The efficiency of some organophilic clays in non-aqueous systems may be further improved by adding a low molecular weight polar organic material to the composition. Such polar organic materials have been called polar activators, dispersants, dispersion aids, solvating agents and the like.
More specifically, hole cleaning in deviated wells is still a challenge in the oil industry for invert emulsion mud systems. It would be desirable if compositions and methods could be devised to improve ultra-low shear rate viscosity, to increase the carrying capacity of the OBM, and/or also reducing the high shear rate readings of the mud.

SUMMARY

There is provided in one non-limiting embodiment an organophilic clay mixture that includes a first organophilic clay selected from the group consisting of modified attapulgite clay, modified sepiolite clay and combinations thereof; and an organophilic modified bentonite clay.
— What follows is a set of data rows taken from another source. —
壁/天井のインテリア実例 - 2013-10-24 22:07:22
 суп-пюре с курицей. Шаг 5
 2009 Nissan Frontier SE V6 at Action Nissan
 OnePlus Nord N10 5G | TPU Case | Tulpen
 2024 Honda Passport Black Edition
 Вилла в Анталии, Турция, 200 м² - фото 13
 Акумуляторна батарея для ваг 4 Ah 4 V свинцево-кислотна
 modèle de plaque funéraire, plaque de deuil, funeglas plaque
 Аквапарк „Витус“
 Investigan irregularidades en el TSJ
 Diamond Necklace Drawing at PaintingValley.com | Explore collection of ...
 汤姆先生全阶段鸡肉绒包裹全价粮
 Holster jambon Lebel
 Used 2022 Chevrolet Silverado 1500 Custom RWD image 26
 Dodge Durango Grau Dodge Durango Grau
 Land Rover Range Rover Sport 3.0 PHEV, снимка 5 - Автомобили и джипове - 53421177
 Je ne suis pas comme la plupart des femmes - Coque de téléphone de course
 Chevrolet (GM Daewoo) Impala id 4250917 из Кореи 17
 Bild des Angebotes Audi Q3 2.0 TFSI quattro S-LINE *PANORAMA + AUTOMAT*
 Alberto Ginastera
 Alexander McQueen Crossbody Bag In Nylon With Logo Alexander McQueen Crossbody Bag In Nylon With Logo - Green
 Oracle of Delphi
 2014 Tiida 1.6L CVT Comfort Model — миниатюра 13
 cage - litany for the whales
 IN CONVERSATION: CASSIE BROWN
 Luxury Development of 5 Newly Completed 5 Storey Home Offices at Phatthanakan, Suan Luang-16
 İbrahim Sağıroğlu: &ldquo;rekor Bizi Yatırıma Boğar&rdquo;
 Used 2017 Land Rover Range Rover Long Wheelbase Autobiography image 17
The clays have been modified by treating them with at least one compound selected from the group consisting of quaternary amines, quaternary ammonium salts, and combinations thereof.
There is additionally provided in one non-restrictive version, an oil-based drilling mud that includes an oil-based drilling fluid base composition and an organophilic clay mixture. Again, the organophilic day mixture includes a first organophilic clay selected from the group consisting of modified attapulgite clay, modified sepiolite clay and combinations thereof; and an organophilic modified bentonite clay. The clays have been modified by treating them with at least one compound selected from the group consisting of quaternary amines, quaternary ammonium salts, and combinations thereof.
There may be further provided a method of drilling a wellbore through a subterranean formation with an oil-based drilling mud where the oil-based drilling mud includes an oil-based drilling fluid base composition and an organophilic clay mixture. Once more, the organophilic clay mixture includes a first organophilic clay selected from the group consisting of modified attapulgite clay, modified sepiolite clay and combinations thereof; and an organophilic modified bentonite clay. The clays have been modified by treating them with at least one compound selected from the group consisting of one quaternary amines, quaternary ammonium salts, and combinations thereof.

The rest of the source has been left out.